The UMSOD provides care to Maryland residents at its Baltimore location as well as at three off-campus sites in Westminster, Md., Perryville, Md., and Frederick, Md., where the school partners with other health care providers. In 2017, the school provided treatment to more than 26,000 patients in the Baltimore and off-site clinics during more than 111,000 patient visits.

“We are preparing the next generation of oral health practitioners to integrate prescription drug monitoring into the clinical setting to better inform their prescribing practices,” said Reynolds, expressing gratitude for DrFirst’s in-kind donation to the University of Maryland, Baltimore’s Catalyst campaign that will enable dental students to utilize the new technology.

The school's adoption of DrFirst's mobility suite, including iPrescribeSM and Backline, puts academia at the forefront of the fight against opioid addiction by providing tools and education for future oral health practitioners and UMSOD alumni to access more accurate patient medication history and opioid prescribing data.

"DrFirst is committed to helping Maryland overcome its opioid crisis, especially its opioid death rate, which is growing faster than the national average," said G. Cameron Deemer, president of DrFirst. "We welcome our relationship with the University of Maryland School of Dentistry and are excited by its commitment to lead the charge to enable informed prescribing among the Maryland dental community, to prepare them to successfully meet the PDMP mandate, and to drive deeper collaboration within the dental community."

The PDMP mandate, effective July 1, 2018, requires health care providers to check medication history via the online PDMP registry before prescribing opioids.
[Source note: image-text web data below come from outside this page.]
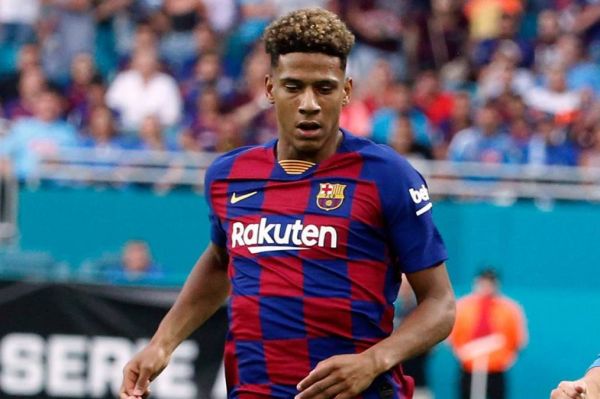  مارسی شرایط جذب مدافع میانی بارسلونا را دنبال می کند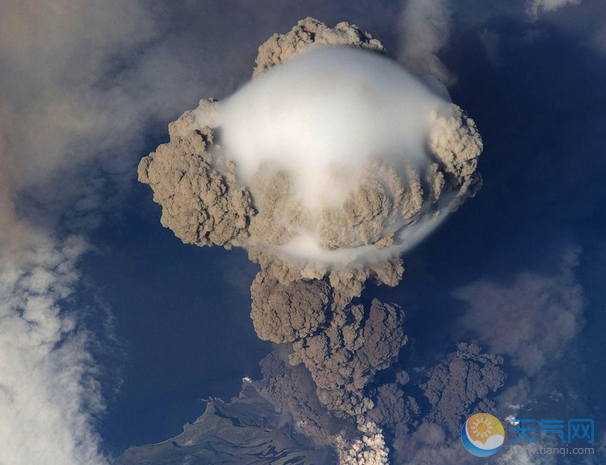 火山爆发的原因是什么 火山爆发是怎么形成的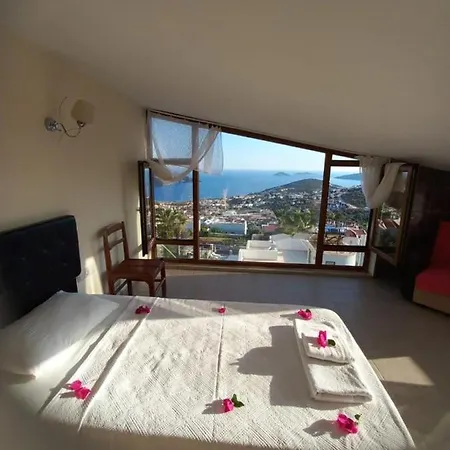 Duplex Flat With Invigorating Sea View In Kas Appartamento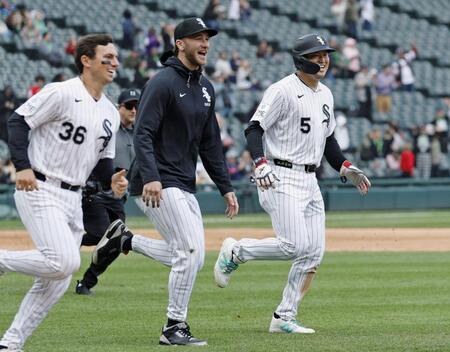 サヨナラ勝ちし、喜ぶ村上（右）ら（共同）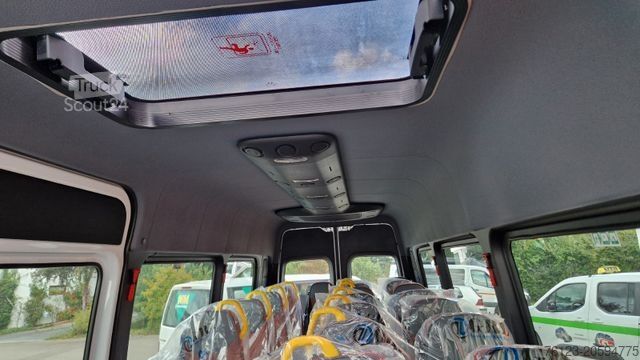Minibus MERCEDES-BENZ Sprinter Lord Light 22 Sitzer 3 x Lagerfahrzeug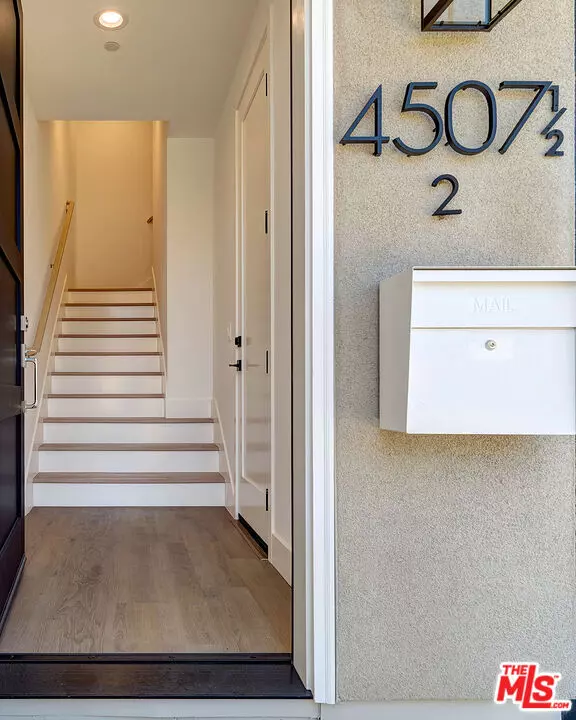 Los Angeles, CA 90019,4507 Saturn St #4507 1/2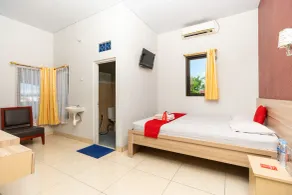 RedDoorz Plus @ Jalan Pumorow Manado - Room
Maryland joins 40 other states in requiring PDMP checks.

The lieutenant governor’s task force proposed 33 recommendations, including some such as mandatory PDMP utilization that Rutherford characterized in his roundtable remarks as “predominantly prevention.”
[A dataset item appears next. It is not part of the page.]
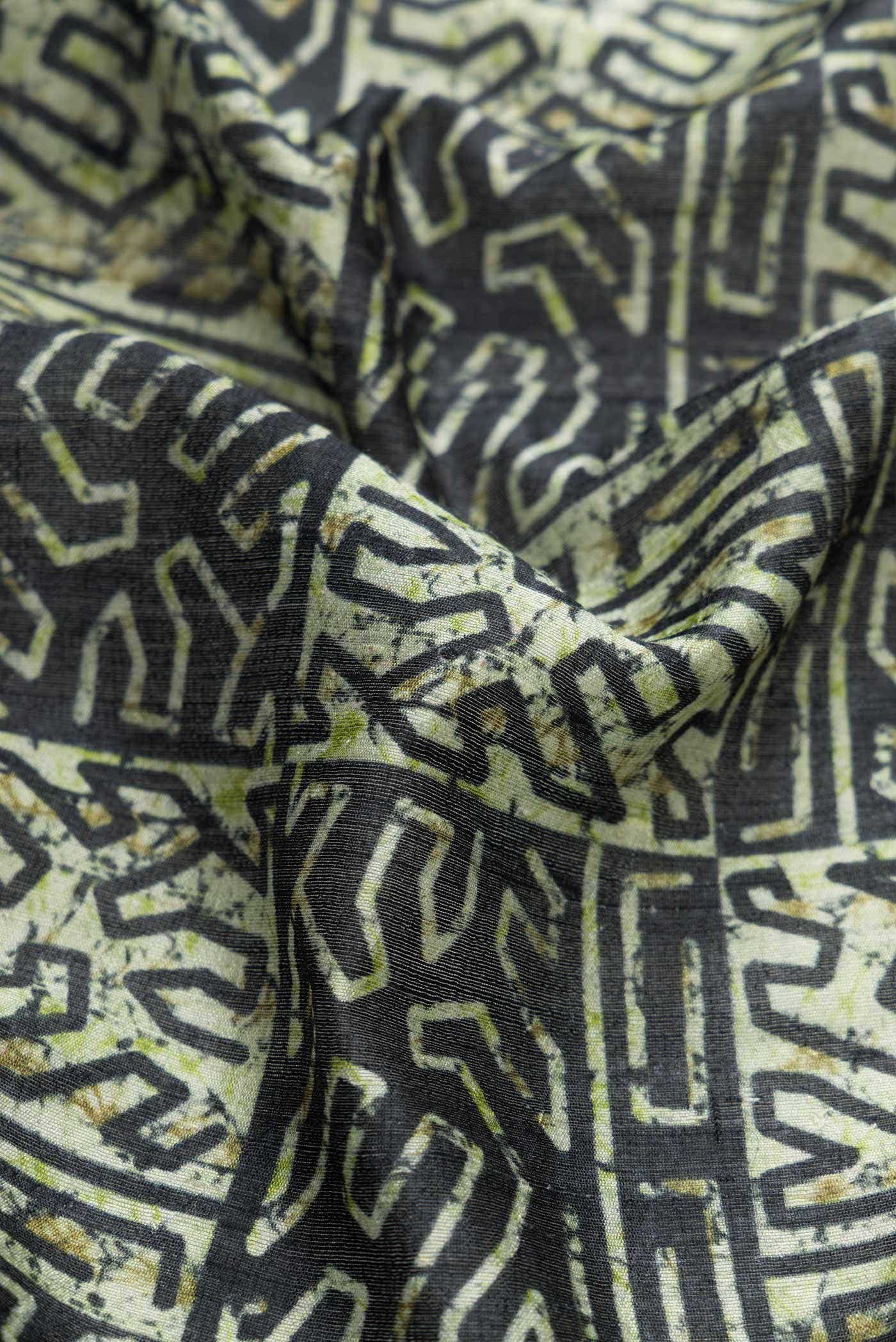 Green Tussar Silk Saree - Image 2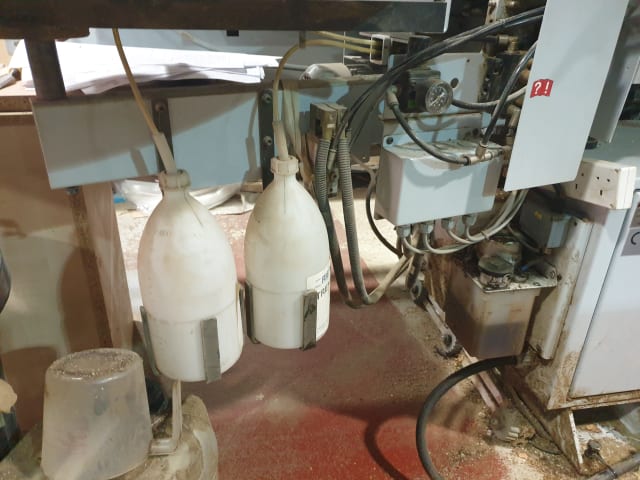 단일 에지 밴더 BRANDT KDF 670 PROFILINE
“But prevention is education,” he continued. “Some of it is educating the doctors, the prescribers, the dispensers, the pharmacists, all those involved with the process. And then educating the public.”
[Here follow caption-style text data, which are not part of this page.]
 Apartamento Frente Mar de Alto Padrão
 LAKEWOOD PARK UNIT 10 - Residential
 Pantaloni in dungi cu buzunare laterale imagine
Beyond dentistry, the roundtable drew representatives of MedChi, which is the Maryland State Medical Society; and of the Chesapeake Regional Information System for of Patients (CRISP). The latter is the regional health information exchange serving Maryland and the District of Columbia. DrFirst’s collaboration extends to both.

Gary W. Pushkin, president of MedChi, said using DrFirst’s technology makes it quicker to check the database during the workflow. “This is a tool that when I am seeing patients, it makes it very easy,” he said. As the opioid crisis has worsened in recent years, he said, prescribers have learned they’re “not very good at guessing” who is the problem patient. “So … we need to be using this every time that we are writing a prescription for narcotics instead of trusting our instincts.”

With iPrescribe and Backline, practitioners have accurate medication history at their fingertips, as well as access to their peers for consultation to support patient safety appropriately. Gaining this knowledge immediately improves dentists' ability to make the most informed decisions around patient safety and opioid prescribing efficacy.

Together, DrFirst's tools improve visibility into patient opioid use history, encourage compliance with Maryland's PDMP check requirements, identify all medication interactions, monitor patient fill history, enable consultation with peers and staff, and effectively engage patients before and after office visits.